Posted by Asmi on February 9th, 2010
Is there a chance a fragment of light at the end of the tunnel, a reason to fight. Is there a chance you may change your mind.. Or are we ashes and wine…?
I feel everything around me changing completely. From friends to family and everything around. I am changing drastically. I don’t blame anyone, not even the person(s) who might slightly be responsible for it. I really don’t mind anymore. It’s just a shame that sometimes we lose everything in our life so quickly.
I find myself blaming myself. Taking frustration out on friends. Being quiet and pulling myself away from everyone around me. It’s not that I’m angry. It’s just something I really can’t seem to understand. I think I hate too much. But I really don’t know why.
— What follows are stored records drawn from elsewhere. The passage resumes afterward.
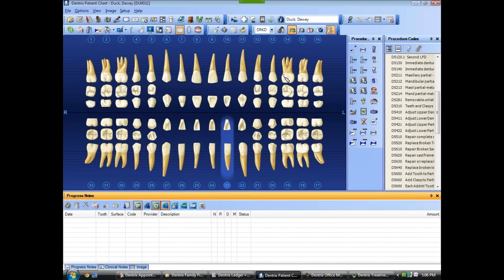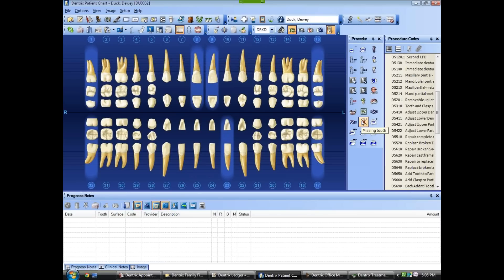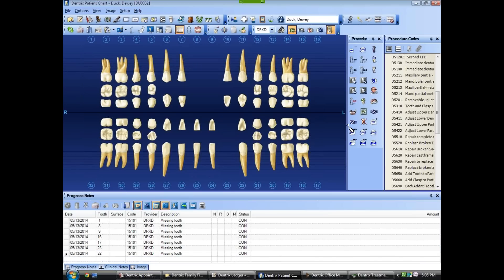The patient is missing teeth 1, 32, 17, 16, 8, and 9. Now let's put in some existing conditions.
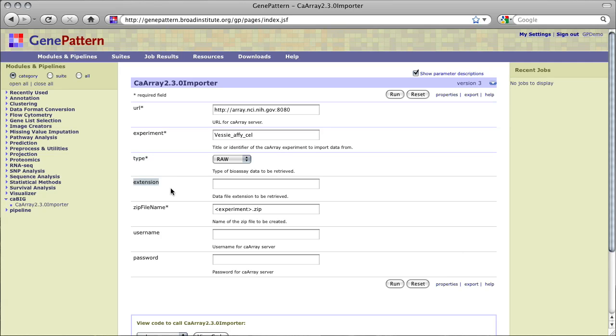Extension is an optional parameter which will specify the data file extension to be retrieved. If specified, only data files with this extension in the experiment will be imported into GenePattern. If this is not specified, all files of the specified type, raw or derived, will be retrieved.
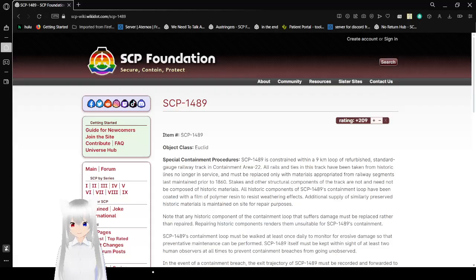Hello, this is Haku2Bean, and today we are going to SCP-1489. If you like this video, please like the video, comment down below, and subscribe to the channel. Now let's get right into this.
I don’t think I’m a bad person but I’m not sure anymore.
Anyway, apart from all these nonesense I’m talking about. Valentines day is coming up. I wonder what people are going to do. Some of us have already recovered from break ups and moved on with life, hope you have a blast on the day of love. I think I’m going to spend my Valentines day watching romantic-comedy movies.
I know this blog doesn’t make any sense. Ignore it if possible, I just need to write right now.
P.S I got a new kitten, 6 week old male named Neo. He’s adorable, I’ll share pics soon. And the lyrics at the begining of the blog is from a song called Ashes and Wine by A Fine Frenzy.